In this study, COI network robustness was inversely associated with adverse events, including serious and fatal events, reported in drug studies. Secondary analyses indicate that this was associated with funding network centralization and homogeneity. The products evaluated in this study were associated with lower adverse event rates when the collected research had a larger number of funders, regardless of funder type. This suggests that research funding policy should encourage funding diversity.

References

1. Graham SS, Harrison KR, Edward JC, Majdik ZP, Barbour JB, Rousseau JF. Beyond bias: aggregate approaches to conflicts of interest research and policy in biomedical research. World Med Health Policy. 2024;16(3):489-505. doi:10.1002/wmh3.608.

2. Sismondo S. Ghost management: how much of the medical literature is shaped behind the scenes by the pharmaceutical industry? PLoS Med. 2007;4(9):e286. doi:10.1371/journal.pmed.0040286

3. Albert R, Jeong H, Barabási AL. Error and attack tolerance of complex networks. Nature. 2000;406(6794):378-382. doi:10.1038/35019019

¹Department of Rhetoric & Writing, The University of Texas at Austin, Austin, TX, US, ssg@utexas.edu; ²Department of Communication, University of Illinois Urbana-Champaign, Urbana, IL, US; ³Department of Communication, North Dakota State University, Fargo, ND, US; ⁴Department of Neurology & Peter O’Donnell Jr. Brain Institute, The University of Texas Southwestern Medical Center, Dallas, TX, US.

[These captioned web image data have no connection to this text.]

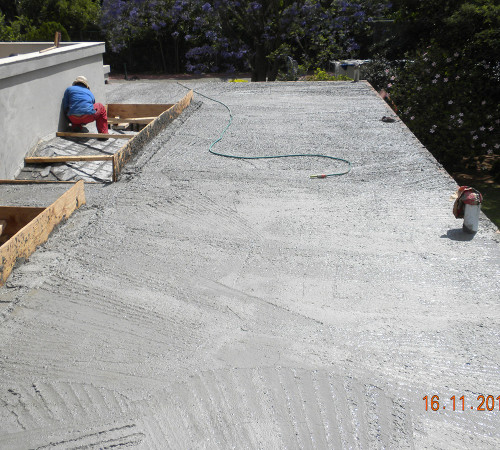 Concrete roof slab in, being floated and ready for screeding and waterproofing.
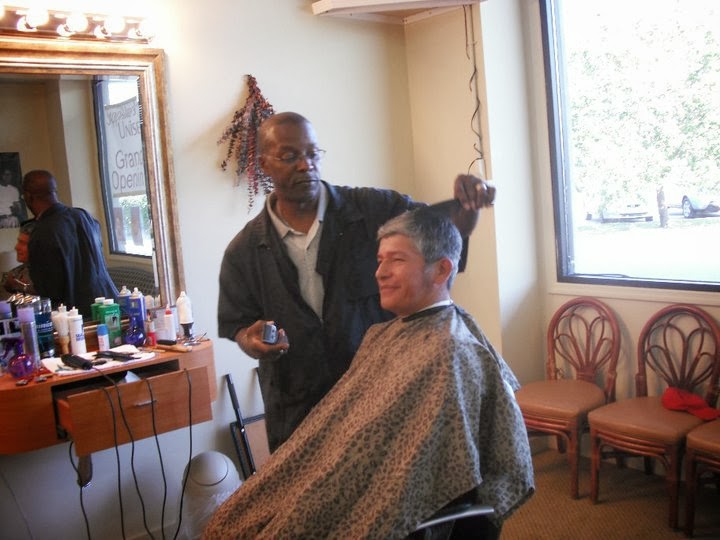 Cutting a customer's hair at my station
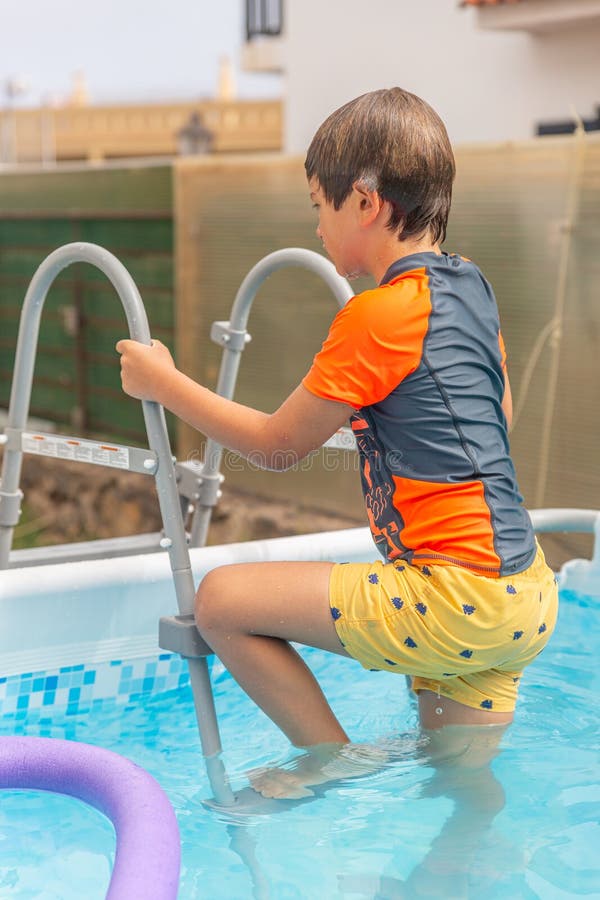 Pojken fokuserade på att klättra ut ur en pool med hjälp av stegen och visa försiktighet och roligt royaltyfri foto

Conflict of Interest Disclosures

S. Scott Graham received grant funding from the National Institute of General Medical Sciences (NIGMS). Joshua B. Barbour received grant funding from the NIGMS, NSF, IC2, and Blue Cross Blue Shield; royalties form Cengage Publishing; and consulting fees from The Aslan Group and BrainCheck. Justin F. Rousseau received grant funding from the NIGMS, National Library of Medicine, National Institute on Aging, National Institute of Allergy and Infectious Diseases, National Institute of Mental Health, National Center for Advancing Translational Sciences, Texas Child Mental Health Care Consortium, Michal & Susan Dell Foundation, Texas Alzheimer’s Research and Care Consortium, Austin Public Health, and the Health Care Cost Institute. No other disclosures were reported.

Funding/Support

Funding for this research was provided by the NIGMS of the National Institutes of Health under award number R01GM141476.

Role of the Funder/Sponsor

The sponsor had no role in the design and conduct of the study; collection, management, analysis, and interpretation of the data; preparation, review, or approval of the abstract; and decision to submit the abstract for presentation.